When providing a very {brief summary: http://www.scl.org/site.aspx?i=ne41807} of {i}Google Inc v Vidal-Hall & Ors{/i} [2015] EWCA Civ 311, I promised that a fuller account with analysis of the impact would follow. That promise still holds good. But I think that analysing the impact might take a while and this landmark case genuinely deserves a period of reflection.
There are already excellent accounts of the case and immediate analysis from Jon Baines on his {Information Rights and Wrongs blog: http://informationrightsandwrongs.com/2015/03/27/vidal-hall-v-google-and-the-rise-of-data-protection-ambulance-chasing/}, Christopher Knight on the {Panopticon blog: http://www.panopticonblog.com/2015/03/27/google-and-the-dpa-rip-section-132/} and Alexander Hanff on the {ITsecurity web site: http://itsecurity.co.uk/2015/03/uk-court-of-appeal-issues-game-changing-judgment-in-google-safari-case/}. I will be looking out for more analysis of the case, especially any negative views of it, and am happy to add more links. In fact, I have just seen Andrew Tibber’s take on the {Bright Stuff blog: http://blog.templebright.com/2015/03/google-on-rack-for-do-not-track.html}. And this very well rounded piece from Chris Bridges on {Keep Calm and Talk Law: http://www.keepcalmtalklaw.co.uk/vidal-hall-v-google-can-big-brother-be-defeated/} is well worth reading (with a mug of coffee – it’s long).
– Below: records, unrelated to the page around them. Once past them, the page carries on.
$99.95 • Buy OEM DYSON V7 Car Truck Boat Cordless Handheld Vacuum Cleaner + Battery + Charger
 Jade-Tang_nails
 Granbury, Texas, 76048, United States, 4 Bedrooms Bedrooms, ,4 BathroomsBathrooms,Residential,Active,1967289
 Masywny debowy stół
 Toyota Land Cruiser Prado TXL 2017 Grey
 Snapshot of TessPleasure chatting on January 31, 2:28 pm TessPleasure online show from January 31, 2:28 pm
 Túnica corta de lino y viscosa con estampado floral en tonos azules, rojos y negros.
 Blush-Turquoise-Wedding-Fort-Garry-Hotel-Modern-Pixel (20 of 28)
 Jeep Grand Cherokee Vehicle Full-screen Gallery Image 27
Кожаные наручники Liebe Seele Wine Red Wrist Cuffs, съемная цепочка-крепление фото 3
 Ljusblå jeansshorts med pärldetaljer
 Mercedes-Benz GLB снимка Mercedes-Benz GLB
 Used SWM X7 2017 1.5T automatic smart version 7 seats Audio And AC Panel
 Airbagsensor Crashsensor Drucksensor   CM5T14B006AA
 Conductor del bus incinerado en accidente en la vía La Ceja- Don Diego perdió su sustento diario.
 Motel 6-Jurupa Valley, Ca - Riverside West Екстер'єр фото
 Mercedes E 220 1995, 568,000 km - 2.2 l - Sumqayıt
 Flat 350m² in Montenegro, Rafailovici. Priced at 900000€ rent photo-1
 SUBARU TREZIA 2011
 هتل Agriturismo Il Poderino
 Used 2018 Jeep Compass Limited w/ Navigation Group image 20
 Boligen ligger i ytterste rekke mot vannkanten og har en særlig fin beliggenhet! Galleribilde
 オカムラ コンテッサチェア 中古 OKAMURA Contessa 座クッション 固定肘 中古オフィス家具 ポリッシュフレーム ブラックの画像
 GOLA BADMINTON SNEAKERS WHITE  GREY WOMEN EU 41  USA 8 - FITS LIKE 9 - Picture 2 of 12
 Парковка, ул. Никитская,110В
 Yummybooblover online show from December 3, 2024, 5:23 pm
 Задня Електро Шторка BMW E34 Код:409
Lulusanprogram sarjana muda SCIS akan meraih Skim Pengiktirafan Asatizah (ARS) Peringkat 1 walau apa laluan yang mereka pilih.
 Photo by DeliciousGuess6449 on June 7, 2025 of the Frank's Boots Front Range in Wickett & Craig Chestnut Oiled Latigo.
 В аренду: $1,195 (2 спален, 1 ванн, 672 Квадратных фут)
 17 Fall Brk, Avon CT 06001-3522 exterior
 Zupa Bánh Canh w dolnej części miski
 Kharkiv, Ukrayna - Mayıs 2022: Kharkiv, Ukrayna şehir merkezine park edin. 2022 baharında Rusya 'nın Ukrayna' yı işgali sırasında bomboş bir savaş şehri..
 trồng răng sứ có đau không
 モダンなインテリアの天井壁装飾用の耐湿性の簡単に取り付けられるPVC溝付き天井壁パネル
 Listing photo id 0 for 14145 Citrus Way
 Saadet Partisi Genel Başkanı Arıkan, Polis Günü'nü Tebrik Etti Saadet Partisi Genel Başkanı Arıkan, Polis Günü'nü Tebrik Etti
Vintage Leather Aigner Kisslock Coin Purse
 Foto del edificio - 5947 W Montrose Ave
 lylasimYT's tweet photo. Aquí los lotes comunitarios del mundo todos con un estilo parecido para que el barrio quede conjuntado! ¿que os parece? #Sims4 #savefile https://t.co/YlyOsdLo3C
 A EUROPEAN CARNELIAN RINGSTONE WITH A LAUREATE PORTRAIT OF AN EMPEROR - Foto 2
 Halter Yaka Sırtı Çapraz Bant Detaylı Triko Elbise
I see too that Lorna Skinner’s detailed account on the {Inforrm blog site: https://inforrm.wordpress.com/2015/03/31/case-law-vidal-hall-v-google-distress-damages-can-be-awarded-under-s-13-dpa-without-pecuniary-loss-and-misuse-of-private-information-is-a-tort-lorna-skinner/} has been very favourably received (I confess that I have yet to read it). There is an interesting analysis from an EU law perspective from Steve Peers {here: http://eulawanalysis.blogspot.co.uk/2015/04/vidal-hall-v-google-strengthening-eu.html}
I remain uncertain about both the radical interpretative method used by the Court of Appeal (the DPA, s 13(2) has been declared dead) and the wide impact of the judgment.
To take the second point first, I have often moaned about the ICO’s ‘light touch’ on enforcement being close to lackadaisical and it has been pointed out that there’s no enforcement like the prospect of a million minor actions for breach. But I am not sure I want to see large-scale insolvencies to flow from wide-ranging data breaches. The facts of {i}Vidal-Hall{/i}, where Google undermined the users’ attempts to protect their privacy, seem to justify material recompense and those extreme facts may lead us down a road that takes us somewhere we do not want to go. Whenever I buy a defective product, I am guaranteed to slip into grumpy mode and complain about the fact that the seller should come to my house, collect it and supply a replacement (and a cheque for the time I wasted assembling/reading the manual etc). And so they darn well should, but since I don’t want all the retailers to go bust or increase their prices, I drive into town and take the goods back. I think there is a parallel – one might also refer to the minor assaults in travel on the Tube; there is a point where the minor nature of the damage suffered does not justify the damage to society that the provision of a full remedy would allow.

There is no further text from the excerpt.